Due to economic, social, and environmental perplexities associated with drought, it is considered as one of the most complex natural hazards. To investigate the beginning along with analyzing the direct impacts of drought; the significance of drought monitoring must be highlighted. Regarding drought management and its consequences alleviation, drought forecasting must be taken into account (11). The current research employed multi-layer perceptron (MLP), adaptive neuro-fuzzy inference system (ANFIS), radial basis function (RBF) and general regression neural network (GRNN). It is interesting to note that, there has not been any record of applying GRNN in drought forecasting.
Throughout this paper, Standard Precipitation Index (SPI) was the basis of drought forecasting. To do so, the precipitation data of Gonbad Kavous station during the period of 1972-73 to 2006-07 were used. To provide short-term, mid-term, and long-term drought analysis; SPI for 1, 3, 6, 9, 12, and 24 months was evaluated. SPI evaluation benefited from four statistical distributions, namely, Gamma, Normal, Log-normal, and Weibull along with Kolmogrov-Smirnov (K-S) test. Later, to compare the capabilities of four utilized neural networks for drought forecasting; MLP, ANFIS, RBF, and GRNN were applied. MLP as a multi-layer network, which has a sigmoid activation function in hidden layer plus linear function in output layer, can be considered as a powerful regressive tool. ANFIS besides adaptive neuro networks, employed fuzzy logic. RBF, the foundation of radial basis networks, is a three-layer network with Gaussian function in its hidden layer, and a linear function in the output layer. GRNN is another type of RBF which is used for radial basis regressive problems. The performance criteria of the research were as follows: Correlation (R2), Root Mean Square Error (RMSE), Mean Absolute Error (MAE).
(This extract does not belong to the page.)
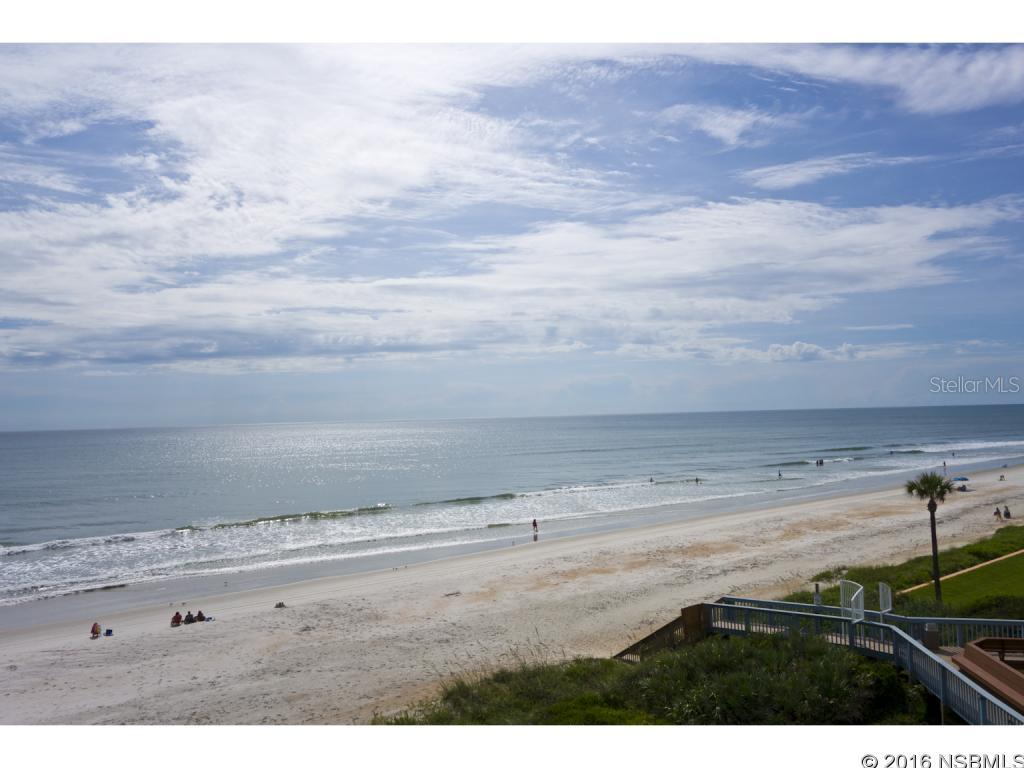 Seascape Towers Condo Ph 01 - Residential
Results According to statistical distribution analysis, the optimal precipitation distribution in many cases was not Gamma distribution. The various time-scales of SPI revealed that, at least in 50% of the events, Gamma was not the selected distribution. Throughout the drought forecasting on the basis of SPI time-series with four aforementioned networks, 80% of the data was allocated to the training process whilst the rest of them considered for the test process. The proper parameters of the networks were chosen via trial and error. Moreover, Cross-validation was used to overcome the over-estimation. The results revealed that the long-term SPIs outdid the others. Performance of the networks promoted with increases in time scales of SPI. In other words, the performance criteria improved proportional to the increases in the time-scales. Based on the Table 3, the least and best performance were contributed to SPI1 and SPI24, respectively. In this regard, R2 of MLP for observed and estimated values of SPI vitiated from 0.009 to 0.949. Similar to MLP, correlation of ANFIS, RBF, and GRNN increased from 0.021 to 0.925, 0.263 to 0.953, and 0.210 to 0.955. Comparison of observed and estimated mean values via Z test indicated that null hypothesis of equal mean observed and estimated values was only rejected for SPI1 with α=0.01. Hence, except SPI1 forecasting, the all other scenarios have remained the mean of observed time series which highlighted the robustness of artificial intelligence in drought forecasting.
The main objective of the ongoing research was monitoring and forecasting of drought based upon various time scales of SPI. In doing so, the precipitation data of Gonbad Kavous station during the period of 1972-73 to 2006-07 were used. Based on K-S test, the best statistical distribution test for different time scales of SPI evaluation was chosen, and then, the SPI was calculated based on the most fitted distribution. After generating the time-series, MLP, ANFIS, RBF, and GRNN were applied for drought forecasting. According to the findings, the lowest performance of forecasting belonged to SPI1 where its RBF’s best performance for R2, RMSE, and MAE were 0.263, 0.806, and 0.989. Furthermore, increases in SPI time-scale promoted the performance of networks. Thus, the worst and best performance belonged to SPI1 and SPI24, respectively. Among the utilized models, ANFIS stood superior to the others, and GRNN followed up after it.